■ **YOUR ASSIGNMENT**: Take the line with "Christian Louboutin Spike" as the first and the last line of the data as the end. Write out both and every line between exactly, except pictures.

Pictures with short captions
-=-=-

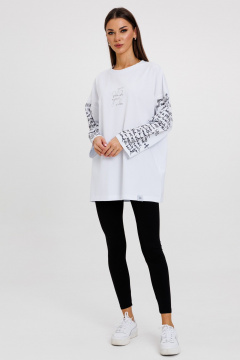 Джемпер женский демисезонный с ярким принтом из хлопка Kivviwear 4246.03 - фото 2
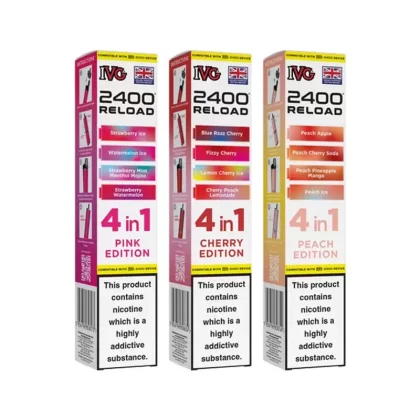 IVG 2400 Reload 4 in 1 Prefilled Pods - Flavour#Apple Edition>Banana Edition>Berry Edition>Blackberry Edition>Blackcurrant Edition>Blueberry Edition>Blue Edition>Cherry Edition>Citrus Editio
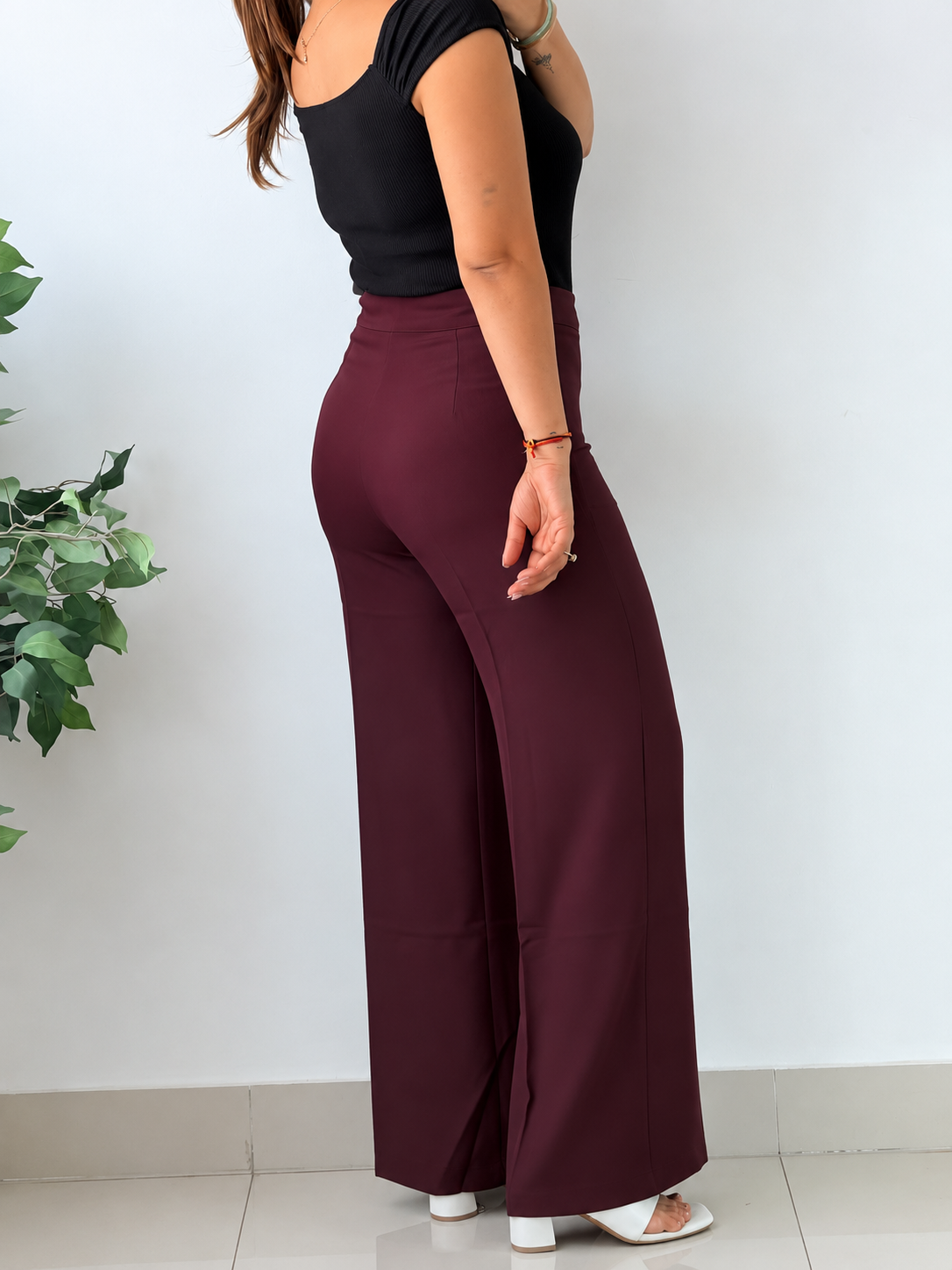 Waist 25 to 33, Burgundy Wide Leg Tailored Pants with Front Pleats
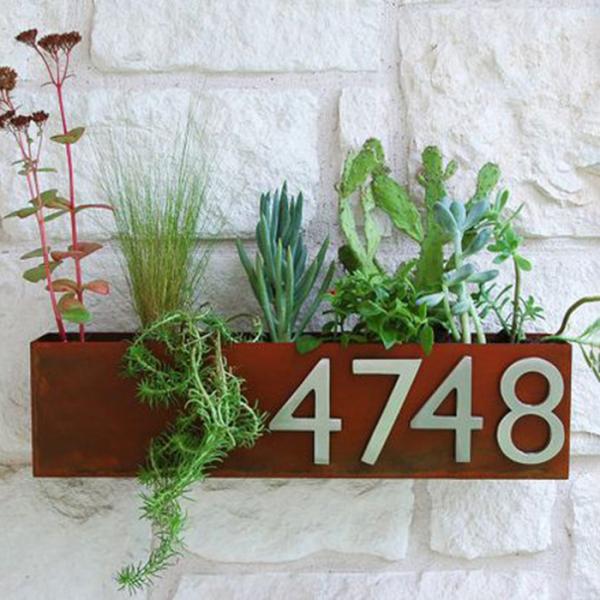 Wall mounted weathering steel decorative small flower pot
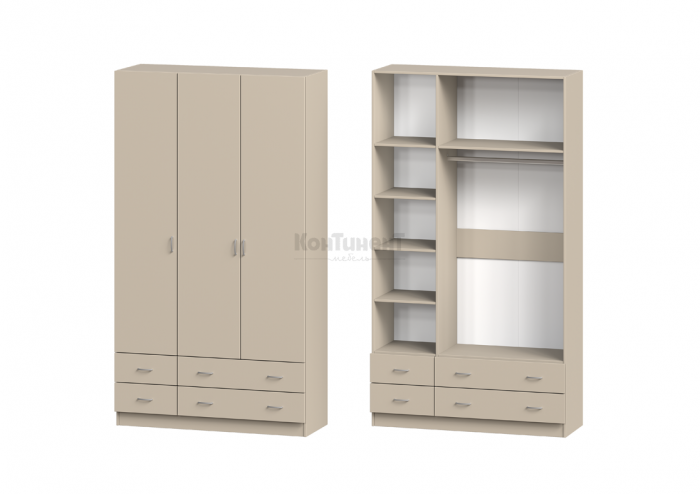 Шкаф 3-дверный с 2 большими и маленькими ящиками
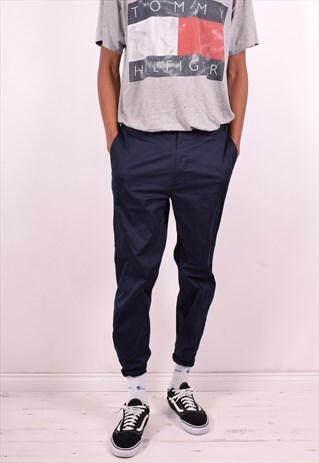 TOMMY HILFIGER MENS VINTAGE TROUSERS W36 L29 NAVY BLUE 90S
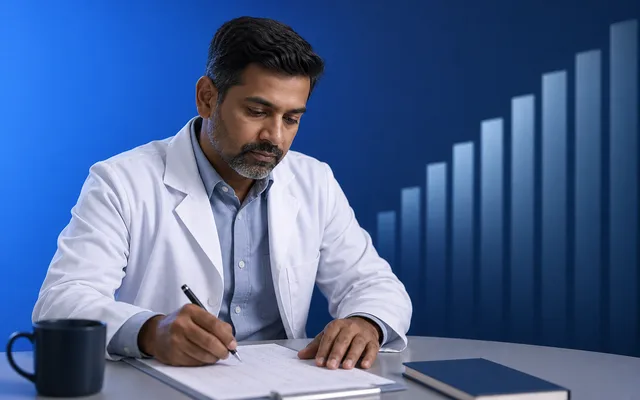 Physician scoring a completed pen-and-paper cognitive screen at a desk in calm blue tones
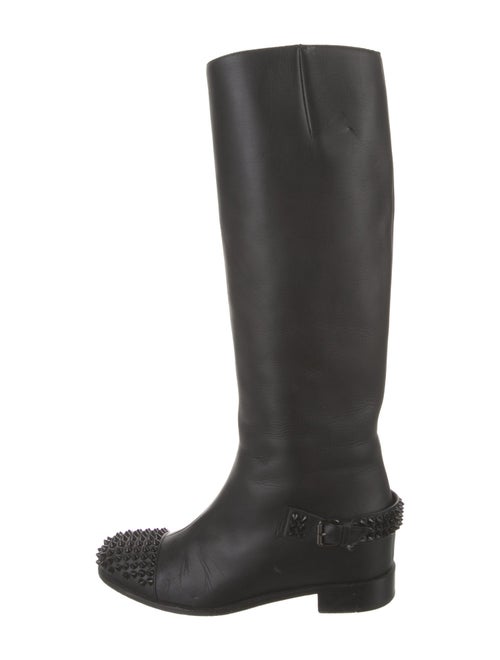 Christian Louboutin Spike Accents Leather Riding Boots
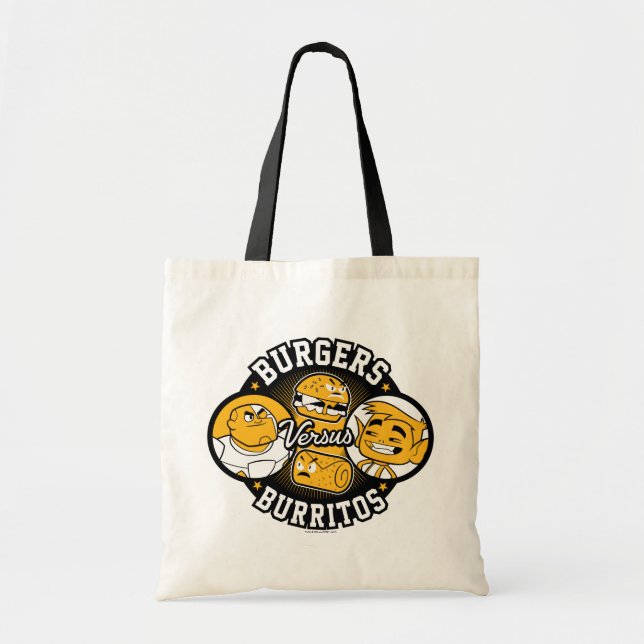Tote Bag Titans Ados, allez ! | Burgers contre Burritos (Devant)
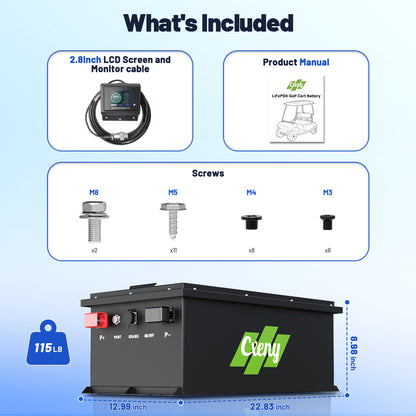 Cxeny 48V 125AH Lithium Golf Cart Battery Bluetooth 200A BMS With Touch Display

-=-=-

■ **REPLY**:
 Christian Louboutin Spike Accents Leather Riding Boots
Tote Bag Titans Ados, allez ! | Burgers contre Burritos (Devant)
 Cxeny 48V 125AH Lithium Golf Cart Battery Bluetooth 200A BMS With Touch Display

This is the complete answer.